Diem’s religious-political egocentrism meanwhile assumed fearful proportions. His philosophy of “personalism” turned into a blatant personality cult on the par with that promoted in Soviet Russia by Stalin and in nazi Germany by Hitler. His portraits invaded every corner of the land; absence of his image, even in private homes, could render anyone suspect of opposition and hence liable of sudden arrest, prison and detention camps. The personality cult, so typical of the European dictatorships, reached such an extent that finally altars with his portrait were erected in the street where the national anthem was played or sung as a hymn of praise to Diem.
With the personality cult, there developed a fanatical hatred against any form of opposition. The two are inseparable. This meant a relentless elimination of any semblance of civil liberties or freedom of thought, religious and political. Diem kept ever more strict personal control of the police, headed, as we have already said, by one of his brothers. Security networks were multiplied and toughened. Commando squads were formed. Riot control – always on the ready – were trained with ruthless efficiency. It is of particular interest to the American reader that the crack-model of the latter, were created, trained and toughened up by the Southern Michigan University group, under the sponsorship of the CIA.
Blatant violations of civil liberties, of personal freedom, multiplied by the thousands. Dissenters, of all ages and political or religious persuasion, were hauled off to jail or to concentration camps. To better check the dissatisfied, every peasant was compelled to carry an identification card.
With the toughening of the Diem regime, these dissenters were no longer the communists or the Buddhists. Catholics by now had also joined the opposition. These were the Catholics Diem had originally lured away from the North. Thousands of them had demanded that Diem keep his word. They demonstrated, asking for the land, homes, and jobs which they had been promised. An ever increasing number finally said that they wanted to be repatriated back to North Vietnam. Diem’s response was typical. The demonstrations were ruthlessly suppressed~ any identifiable individual, or group, whether Buddhist or Catholic, was arrested, jailed, sent into a camp, or even summarily shot.

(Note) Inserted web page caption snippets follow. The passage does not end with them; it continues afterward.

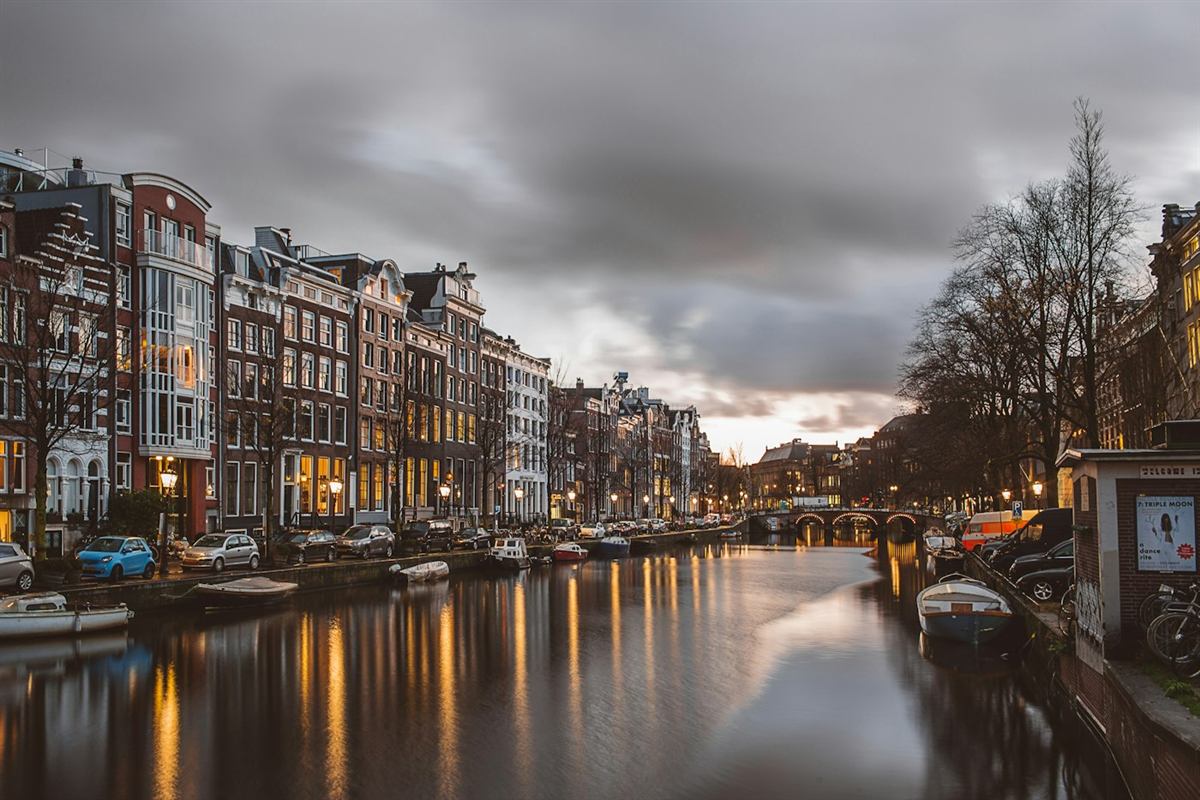 Canal de Ámsterdam al atardecer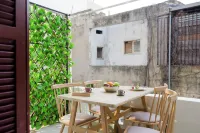 Boho Studios & Apts in Mar Mikhael Hotels in Jdeideh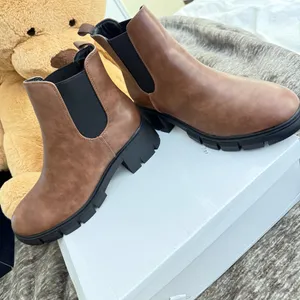 Women Carcuume Leather Boots Size 7.5 thumbnail 6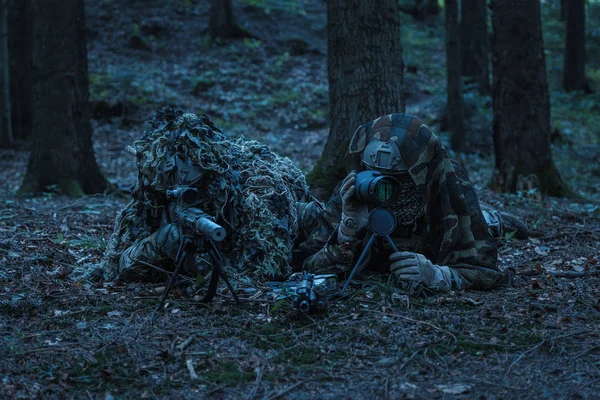 Hadsereg rangers mesterlövész pár — Stock Fotó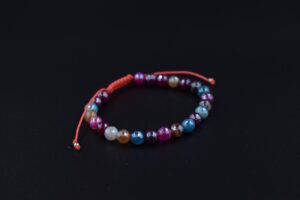 Bratara reglabila cu pietre semipretioase Agat fatetat multicolor de 6mm - imagine 2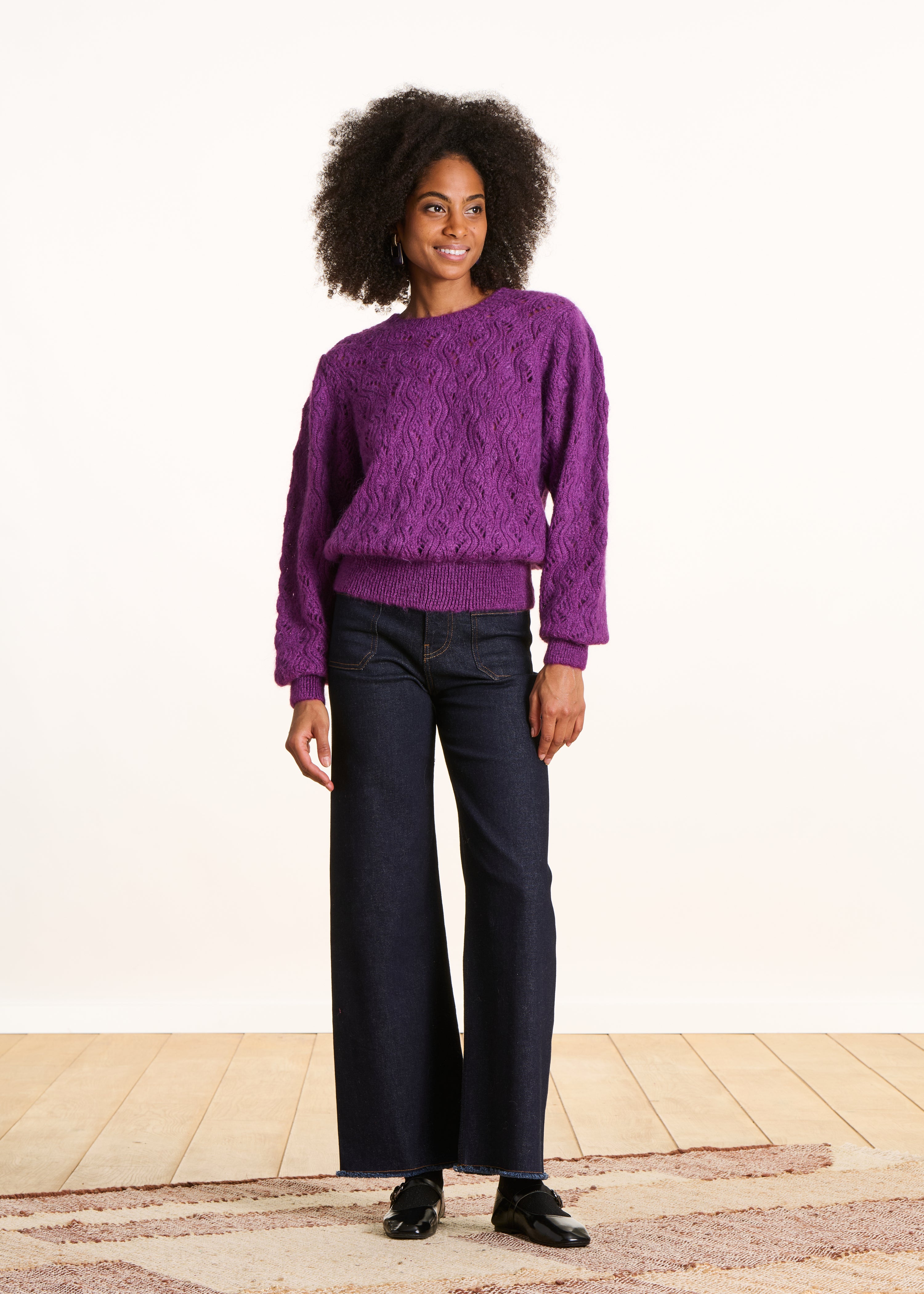 Pull court violet en maille ajourée col rond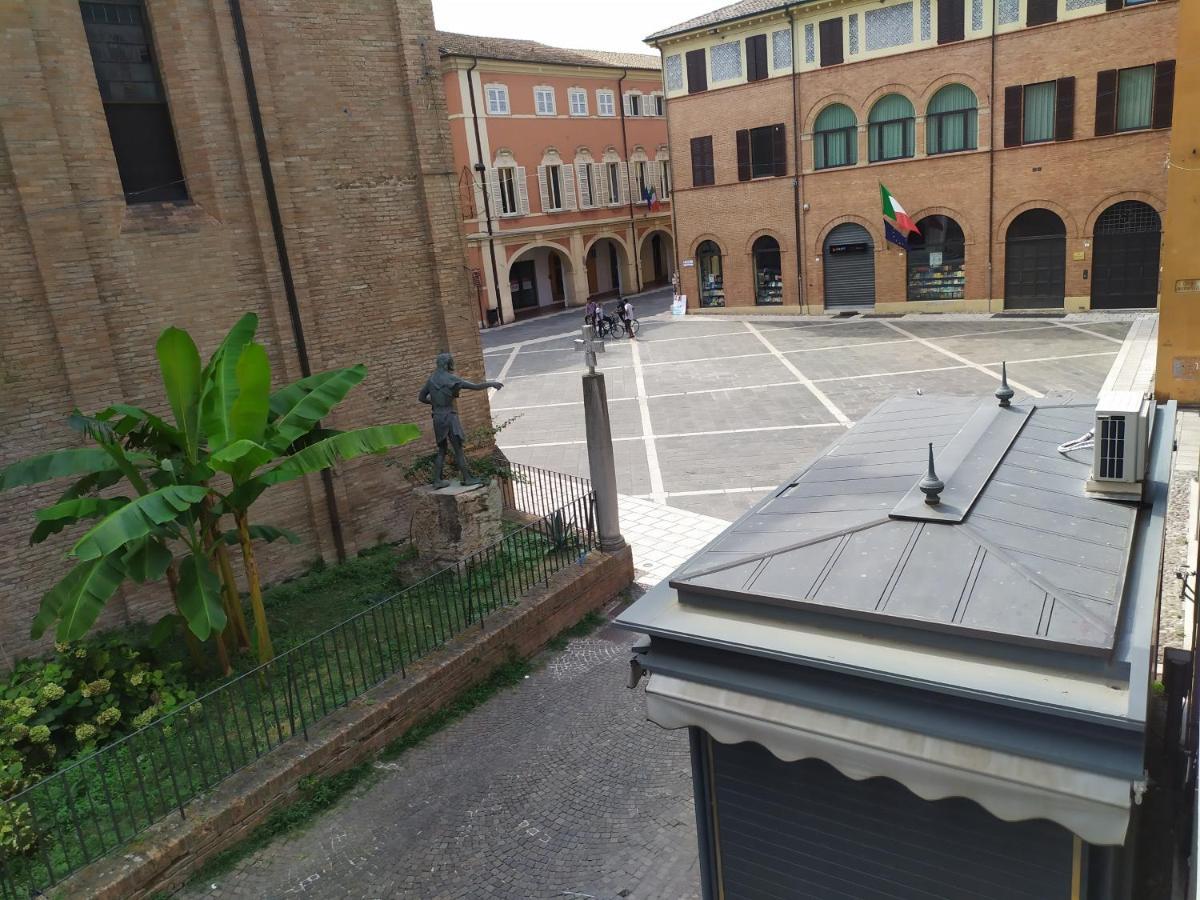 チェゼーナ Il Duomo Bed & Breakfast エクステリア 写真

It has been reckoned, and the figures although lacking any official confirmation are considered to be concretely reliable, that during this period of terror – that is from 1955 to 1960 – at least 24,000 were wounded, 80,000 people were executed or otherwise murdered, 275,000 had been detained, interrogated with or without physical torture, and about 500,000 were sent to concentration or detention camps. This is a conservative estimate.
The creation of a totalitarian Catholic regime was made to go on regardless. The opposition from all sectors of the country increased. Strikes took place with ever increasing frequency, chiefly because of the deteriorating economic situation. In May, 1957, 200,000 workers demonstrated in Saigon alone. Next year May Day 1958, the demonstrators had increased to 500,000. There were strikes and demonstrations throughout the country in subsequent years. The Catholics from the North asked chiefly for repatriation.

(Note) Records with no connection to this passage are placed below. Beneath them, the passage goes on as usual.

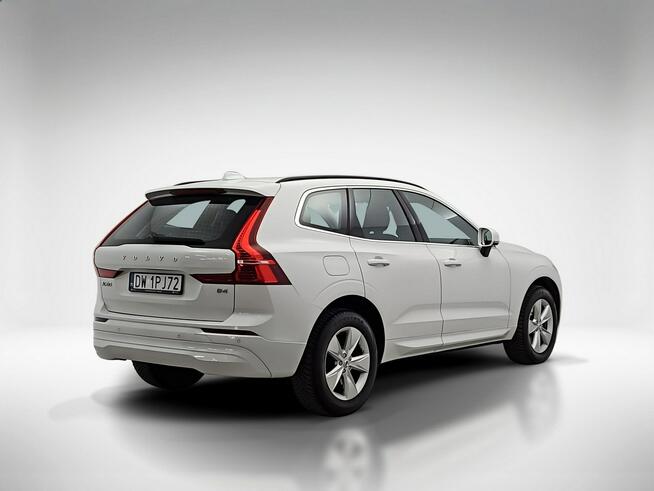 Volvo XC 60 B4 B Momentum Pro aut ! Z Polskiego Salonu ! Faktura Vat ! Warszawa - zdjęcie 5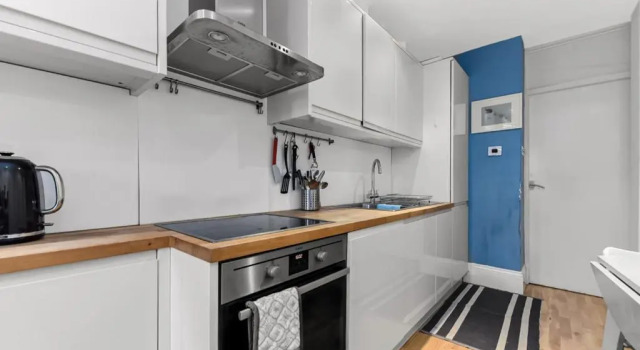 Апартаменты Main Street Corner Great 1bedroom Flat - Richmond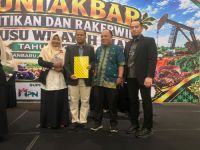 Dr. Jupendri (dua kiri) terpilih sebagai Ketua IKA Fisip USU Riau periode 2026-2030 (foto/ist)
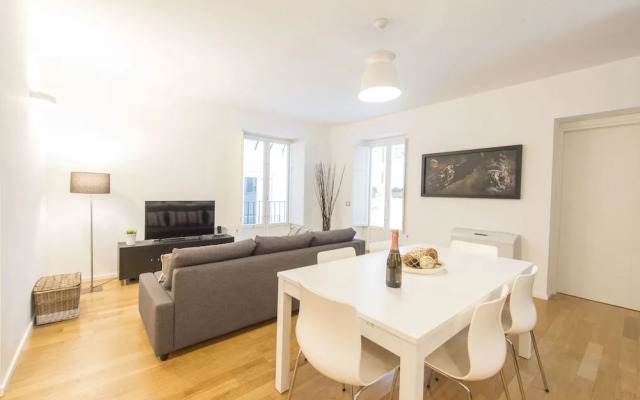 Charming Apartment in the City Center by Wonderful Italy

The state-machinery of suppression, however, had become too efficient to be weakened by any resistance, whether of an economic or political character. The native and American expertise directed the control of the populace and of any individual dissension, having worked like a miracle machine. It was thanks chiefly to this, that Diem felt confident he would ride the storm in the streets, and it was also mainly thanks to such a miraculous machine of repression, that Diem finally felt sufficiently strong to undertake another measure, directed at the establishment of his Catholic Vietnam.
He boldly turned to a direct confrontation with what he considered to be the principal obstacle to his religious-political dreams. That is, he attacked the main religion of the country, Buddhism itself.